Doing drugs, getting drunk—surely that’s not possible without the technology that gives us the ability to drive to the liquor store and pay for a six-pack, or at the very least, without opposable thumbs for opening bottles?

  Sadly, this is completely untrue. As fermentation is a natural process, alcohol does occur in nature, and it’s hardly just the highly evolved that have a taste for the stuff. Animals including cows, goats, pigs, and monkeys are happy to chow down on fermented fruit. In yet another example of how wrong our romantic notions of nature are, one of the best documented animal drunkards is one of the few insects that humans have a positive feeling about: the honeybee.

  BOOZING BEES

  The drinking problems of bees have landed them in the news for as long as there’s been news, as seen in this 1898 New York Times report about bees hanging out around sugarcane factories:At first the bees carry on their labors diligently. Then, little by little, they learn that juices from the sugar cane contain alcohol....
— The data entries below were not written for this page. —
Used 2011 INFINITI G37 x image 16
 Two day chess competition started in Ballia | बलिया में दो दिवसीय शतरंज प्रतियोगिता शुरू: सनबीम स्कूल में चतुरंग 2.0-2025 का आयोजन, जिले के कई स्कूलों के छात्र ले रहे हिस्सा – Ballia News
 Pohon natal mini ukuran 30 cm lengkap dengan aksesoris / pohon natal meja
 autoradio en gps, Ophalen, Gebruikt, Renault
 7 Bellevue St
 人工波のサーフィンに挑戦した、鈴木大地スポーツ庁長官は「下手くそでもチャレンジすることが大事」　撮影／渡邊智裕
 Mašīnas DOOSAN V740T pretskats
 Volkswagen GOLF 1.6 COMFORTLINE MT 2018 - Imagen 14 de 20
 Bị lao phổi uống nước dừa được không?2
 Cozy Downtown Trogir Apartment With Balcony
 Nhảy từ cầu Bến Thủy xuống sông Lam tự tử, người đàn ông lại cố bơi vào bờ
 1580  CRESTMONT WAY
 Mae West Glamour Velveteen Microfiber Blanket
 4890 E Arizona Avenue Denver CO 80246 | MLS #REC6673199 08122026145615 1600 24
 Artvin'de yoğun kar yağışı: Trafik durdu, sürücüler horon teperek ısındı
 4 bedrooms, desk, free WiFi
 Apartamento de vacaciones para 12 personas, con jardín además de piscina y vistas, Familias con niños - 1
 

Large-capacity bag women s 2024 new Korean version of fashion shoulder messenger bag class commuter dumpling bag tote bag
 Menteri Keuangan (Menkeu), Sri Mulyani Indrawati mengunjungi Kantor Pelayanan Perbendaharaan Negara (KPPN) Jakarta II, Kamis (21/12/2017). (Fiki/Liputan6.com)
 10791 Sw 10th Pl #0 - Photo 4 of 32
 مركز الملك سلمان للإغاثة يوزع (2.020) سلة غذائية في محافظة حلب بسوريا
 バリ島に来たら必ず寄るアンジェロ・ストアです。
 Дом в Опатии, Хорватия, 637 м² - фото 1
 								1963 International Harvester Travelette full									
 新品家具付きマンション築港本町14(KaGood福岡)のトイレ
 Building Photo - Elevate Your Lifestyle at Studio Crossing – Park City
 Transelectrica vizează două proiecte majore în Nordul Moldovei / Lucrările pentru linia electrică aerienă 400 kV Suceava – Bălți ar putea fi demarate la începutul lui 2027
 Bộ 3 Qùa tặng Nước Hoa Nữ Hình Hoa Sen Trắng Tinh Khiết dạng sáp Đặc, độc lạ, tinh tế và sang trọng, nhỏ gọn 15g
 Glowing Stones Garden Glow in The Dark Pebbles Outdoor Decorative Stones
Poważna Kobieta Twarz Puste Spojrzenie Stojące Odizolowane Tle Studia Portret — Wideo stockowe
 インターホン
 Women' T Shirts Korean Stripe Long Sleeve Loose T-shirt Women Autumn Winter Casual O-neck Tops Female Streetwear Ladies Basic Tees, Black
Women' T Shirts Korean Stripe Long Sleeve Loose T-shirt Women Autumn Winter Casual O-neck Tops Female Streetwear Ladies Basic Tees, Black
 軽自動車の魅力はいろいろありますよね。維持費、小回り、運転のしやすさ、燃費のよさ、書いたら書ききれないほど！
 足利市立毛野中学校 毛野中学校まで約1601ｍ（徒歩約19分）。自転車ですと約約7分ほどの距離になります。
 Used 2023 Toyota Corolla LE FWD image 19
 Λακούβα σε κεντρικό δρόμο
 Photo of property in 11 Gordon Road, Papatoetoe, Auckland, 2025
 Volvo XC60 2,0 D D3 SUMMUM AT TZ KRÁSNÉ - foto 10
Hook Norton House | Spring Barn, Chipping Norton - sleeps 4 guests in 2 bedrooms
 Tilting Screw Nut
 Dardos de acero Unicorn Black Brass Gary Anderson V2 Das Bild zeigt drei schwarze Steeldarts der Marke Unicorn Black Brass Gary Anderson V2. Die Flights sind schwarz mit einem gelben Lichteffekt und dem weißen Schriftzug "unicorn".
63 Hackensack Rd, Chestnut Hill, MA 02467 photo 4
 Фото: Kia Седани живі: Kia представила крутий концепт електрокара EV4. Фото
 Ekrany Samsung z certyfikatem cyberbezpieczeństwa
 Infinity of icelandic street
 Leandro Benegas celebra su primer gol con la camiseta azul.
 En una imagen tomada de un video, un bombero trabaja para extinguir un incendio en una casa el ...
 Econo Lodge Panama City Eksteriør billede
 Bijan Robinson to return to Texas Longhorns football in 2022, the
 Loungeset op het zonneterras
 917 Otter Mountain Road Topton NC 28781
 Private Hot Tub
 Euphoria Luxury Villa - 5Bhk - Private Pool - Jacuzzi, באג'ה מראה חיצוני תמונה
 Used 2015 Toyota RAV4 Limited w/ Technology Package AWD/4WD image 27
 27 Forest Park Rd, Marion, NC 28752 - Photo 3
  Forsaking even the semblance of work, the bees imbibe the intoxicating fluid, and thenceforth the social and mental decline is marked. The sad fact is that the bees get drunk. They fly about in a dazed and listless condition, ambitionless so far as honey making is concerned. Once they have drunk from the fountain of Bacchus, they are moral and physical degenerates.

  Some scientists take advantage of this taste for booze in the lab, using bees in alcoholism research. They’re the perfect subject, says one researcher:Most animals have to be tricked into drinking alcohol, says Charles Abramson of Ohio State University. But a honeybee will happily drink the equivalent of a human downing 10 litres of wine at one sitting.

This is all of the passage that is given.